Por José Sarney
Estava fazendo as minhas orações de deitar quando minha mulher me lembrou a data que chegava ao fim: 15 de março. Ela então acrescentou: “Você se recorda que, há 33 anos, nesta data, assumia a Presidência da República?” Eu respondi-lhe: “Não, não me lembrava.”
Lembrei-me do que tinha ocorrido no dia 24 de abril de 1985: estava eu no sepultamento de Tancredo Neves, em São João Del-Rei, no Cemitério da Igreja de São Francisco de Assis – projetada pelo Aleijadinho, com algumas obras notáveis, como São Francisco recebendo os estigmas, no frontão -, quando, depois da cerimônia, em que eu estava preso de profunda emoção, lembrei-me, já às 11 horas da noite, que, naquele dia, eu completava 55 anos de idade. A tragédia que vivíamos com a morte do nosso líder, que até hoje lamento e me comove, me fizera esquecer até a data do meu aniversário – nem ninguém se lembrou dela.
Hoje, 33 anos depois, recordo a dificuldade que tive quando caiu em minhas mãos a transição democrática, passar o país de um regime autoritário para um regime democrático. A tarefa me enchia de temor e de angústia, sobretudo porque eu olhava para o tempo e não sabia o que seria o futuro.

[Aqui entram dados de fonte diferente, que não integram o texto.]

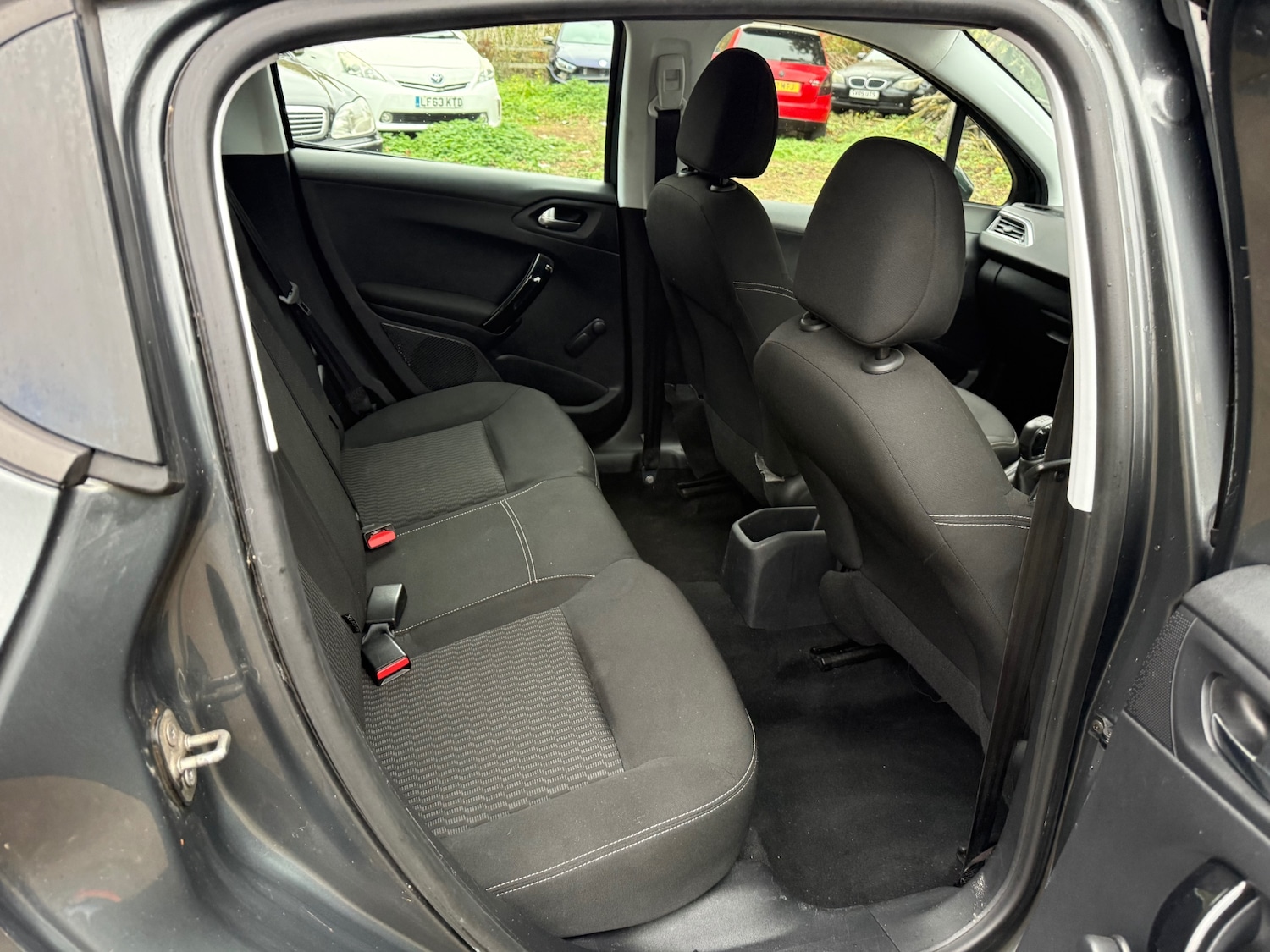 Used Peugeot 208 2017 for sale - 76330295: Photo 21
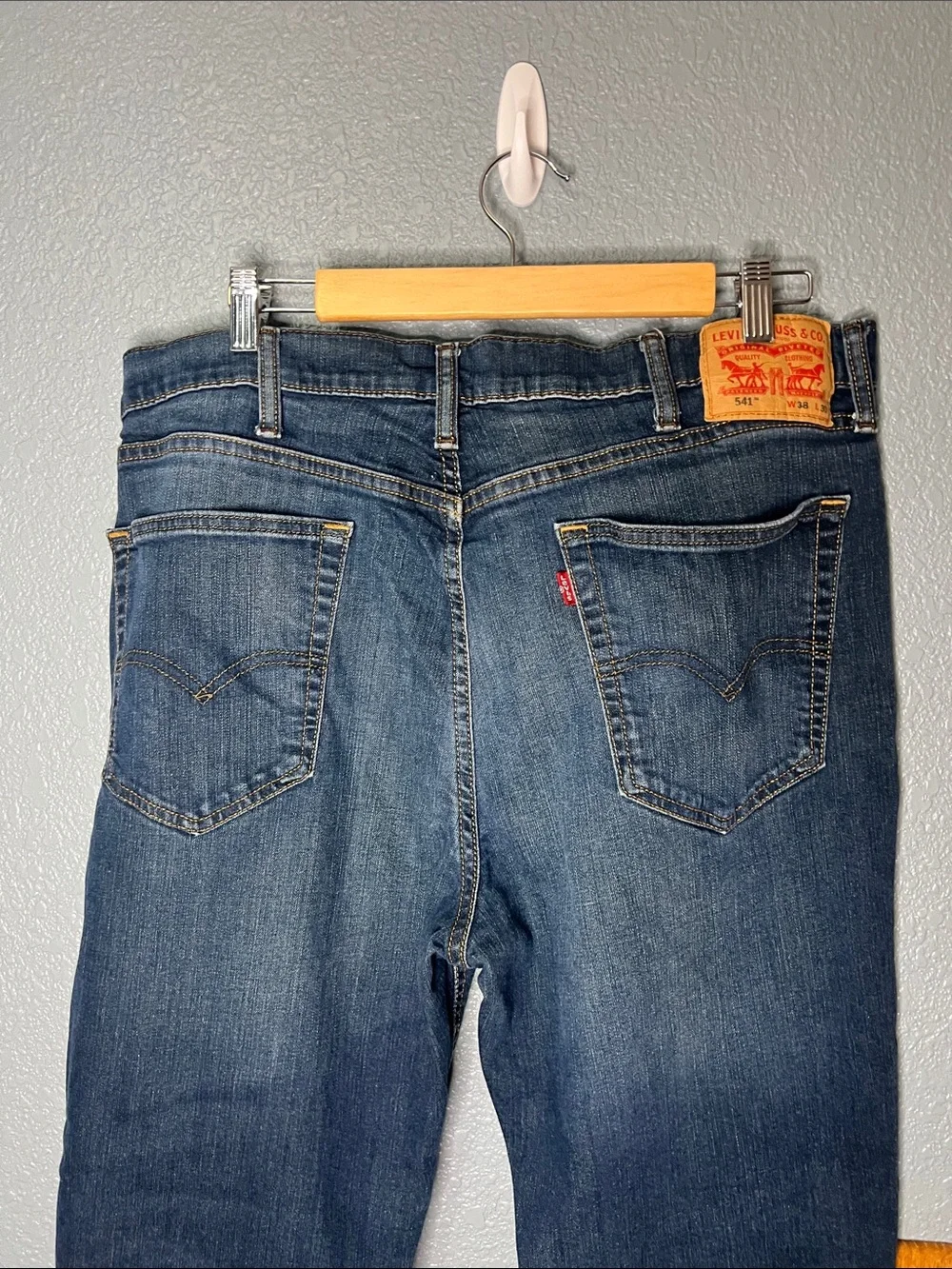Levi's 541 Men's Jeans Blue 38x30 Dark Wash Denim 5-Pocket Cotton Blend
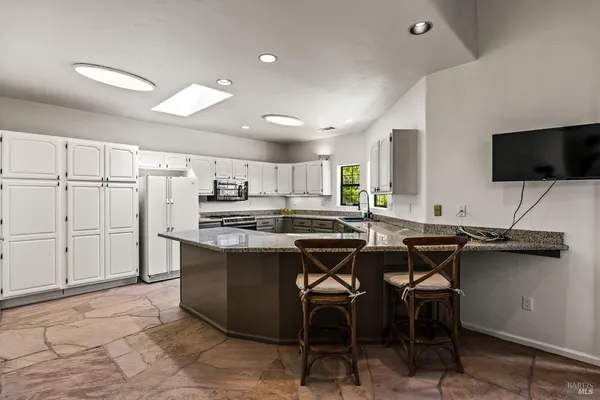 $4,800 | 6578 Oak Leaf Court, Yountville, CA 94599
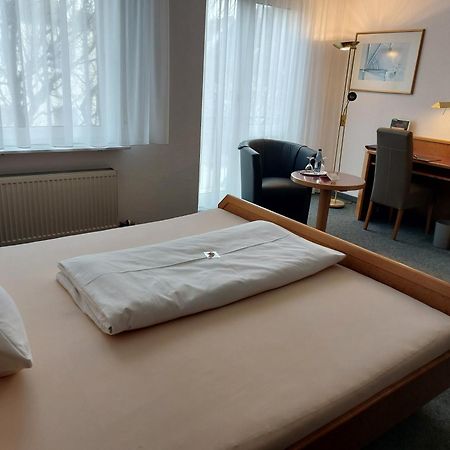 Hotel Zimmermann Filderstadt Bagian luar foto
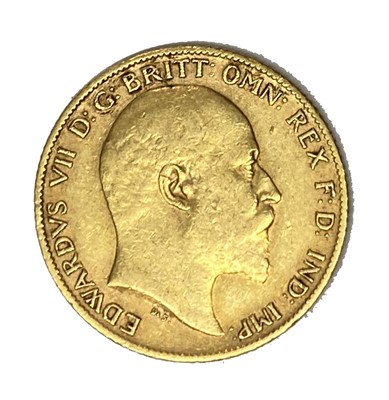 Lot 104 - Edward VII gold half Sovereign coin, 1904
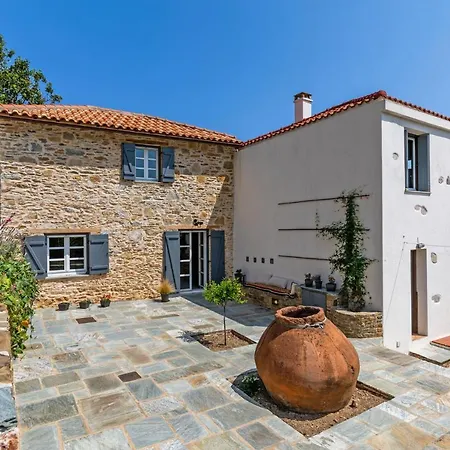 Plum Ridge House Case de vacanță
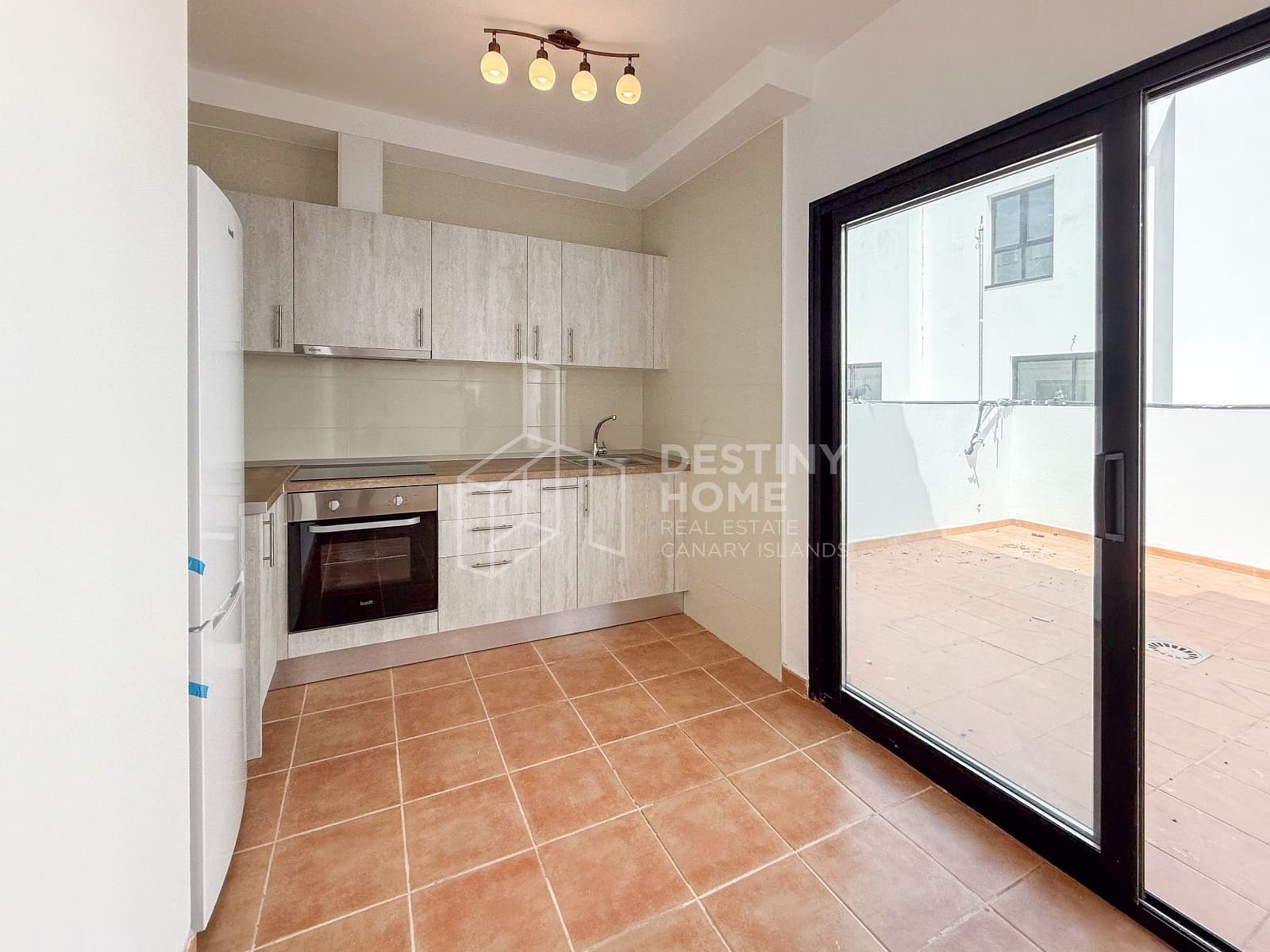 3 bedroom Townhouse for sale in La Oliva with garage - € 249,000 (Ref: 9976826)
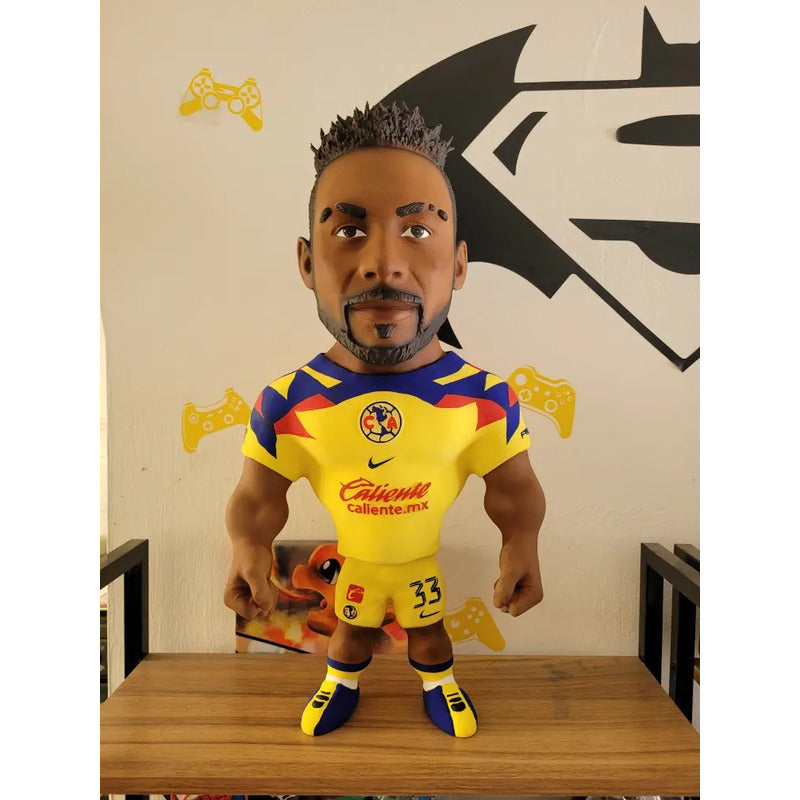 Figura De Futbolista Fuertecito Julian Quiñones Con America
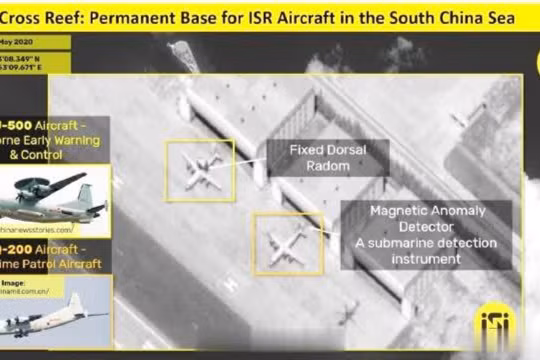 Gần đây, Trung Quốc đã đưa các máy bay báo động sớm KJ-500 và chống ngầm KQ-200 ra đá Chữ Thập, được giới quan sát coi là bước chuẩn bị cho việc lập ADIZ (Ảnh:hotbak.net)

Como já disse, a transição, muitas vezes, destrói ídolos e lideranças – eu não era nem uma coisa, nem outra. Mas hoje tenho um profundo orgulho de que a democracia não morreu em minhas mãos. Ao contrário, criamos uma sociedade democrática, com afirmação dos direitos do cidadão e das conquistas sociais.
Assim é que, nesses 33 anos, posso recordar que me coube, juntamente com Alfonsín, a tarefa histórica, de repercussão mundial, de retirar a América Latina da corrida nuclear, esse problema que ameaça a humanidade. E vemos o quanto é grave com o que ocorre hoje com a Coreia do Norte e a luta para que o Irã não possua armas nucleares, sobretudo agora quando o presidente Putin anuncia que tem a arma de destruição total – o míssil inalcançável, capaz de levar muitas ogivas nucleares a qualquer parte do mundo sem ser interceptado.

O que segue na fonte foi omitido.